--- Information provided ---
____
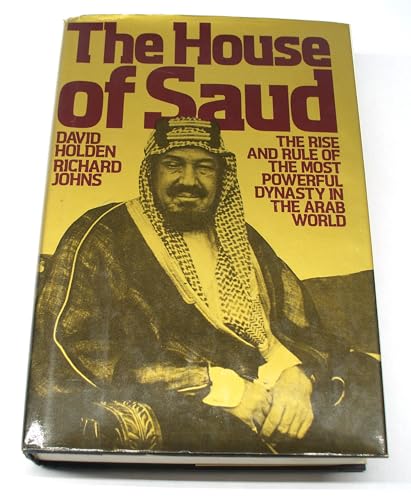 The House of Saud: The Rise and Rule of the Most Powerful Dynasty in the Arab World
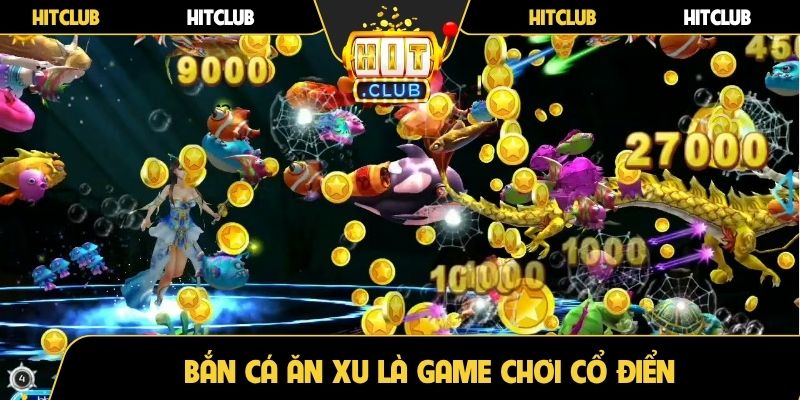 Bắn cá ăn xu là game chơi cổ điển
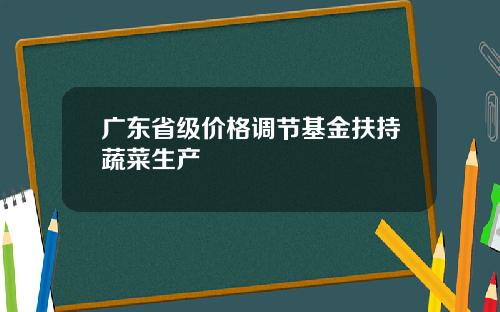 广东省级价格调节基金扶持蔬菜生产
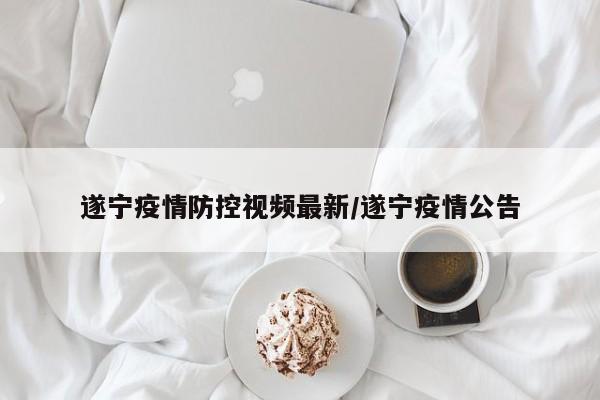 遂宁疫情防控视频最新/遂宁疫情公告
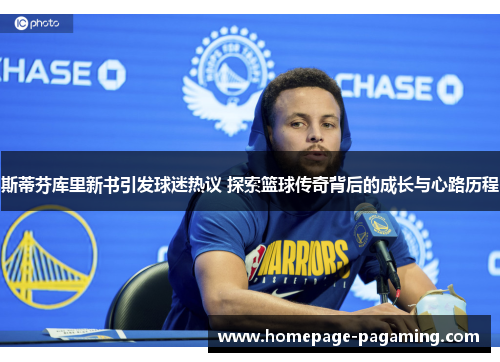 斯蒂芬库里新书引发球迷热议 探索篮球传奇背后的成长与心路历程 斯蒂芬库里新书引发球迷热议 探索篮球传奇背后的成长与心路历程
____
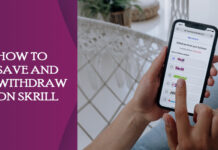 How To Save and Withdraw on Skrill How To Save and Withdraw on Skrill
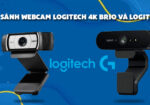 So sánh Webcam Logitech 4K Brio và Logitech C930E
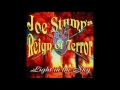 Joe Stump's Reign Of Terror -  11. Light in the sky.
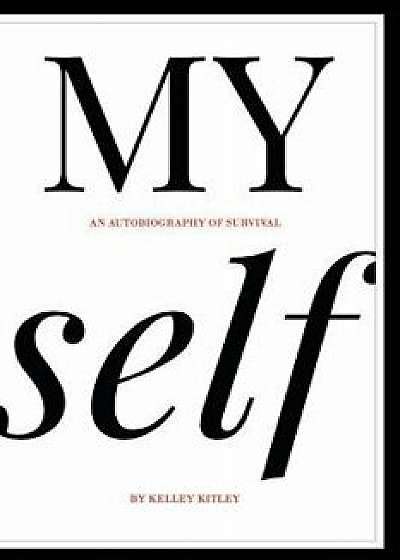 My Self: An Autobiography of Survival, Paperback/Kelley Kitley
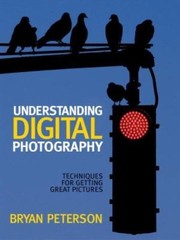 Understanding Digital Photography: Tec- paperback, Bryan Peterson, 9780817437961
____
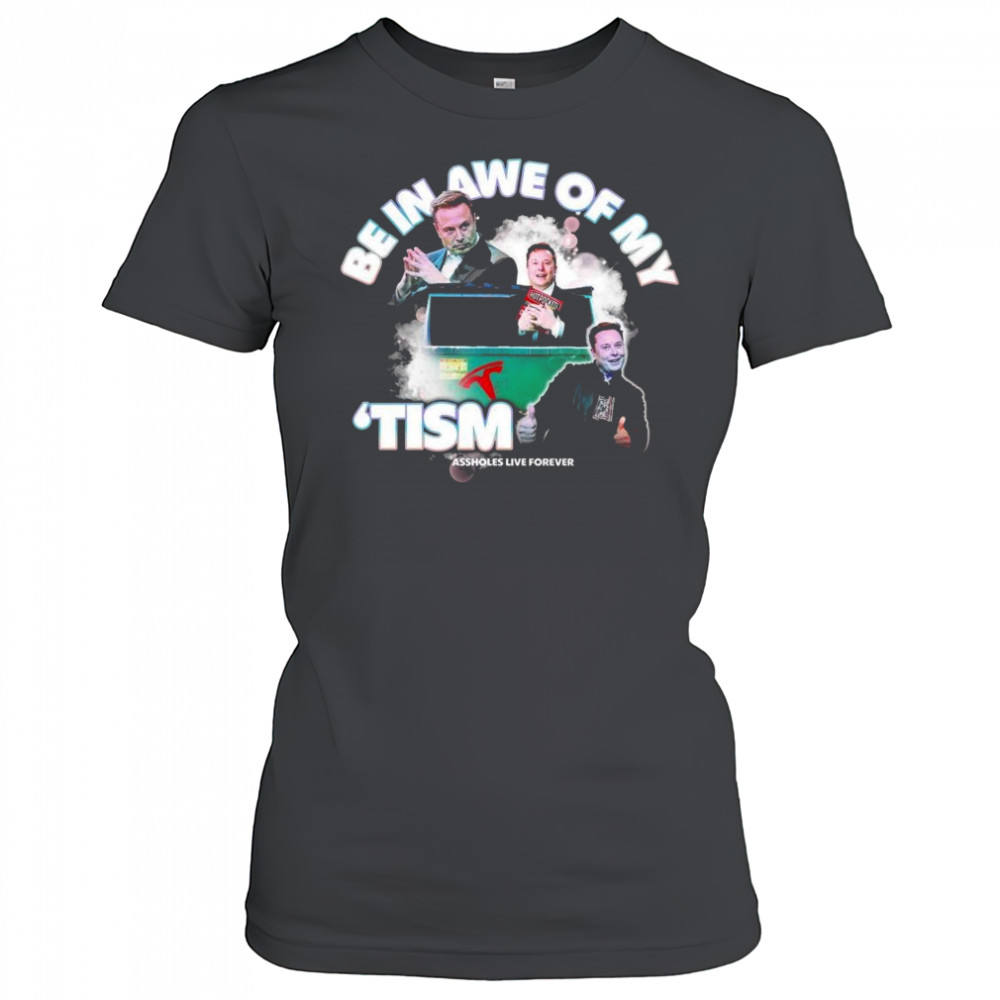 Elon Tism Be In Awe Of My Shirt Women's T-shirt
____
--- Assignment ---
Working from the entries above, reproduce exactly and only the lines beginning with the line that has "So sánh Webcam" and ending with the line that has "Understanding Digital Photography: Tec- paperback, Bryan"; omit all pictures.

--- Solution to this problem ---
 So sánh Webcam Logitech 4K Brio và Logitech C930E
 Joe Stump's Reign Of Terror -  11. Light in the sky.
 My Self: An Autobiography of Survival, Paperback/Kelley Kitley
 Understanding Digital Photography: Tec- paperback, Bryan Peterson, 9780817437961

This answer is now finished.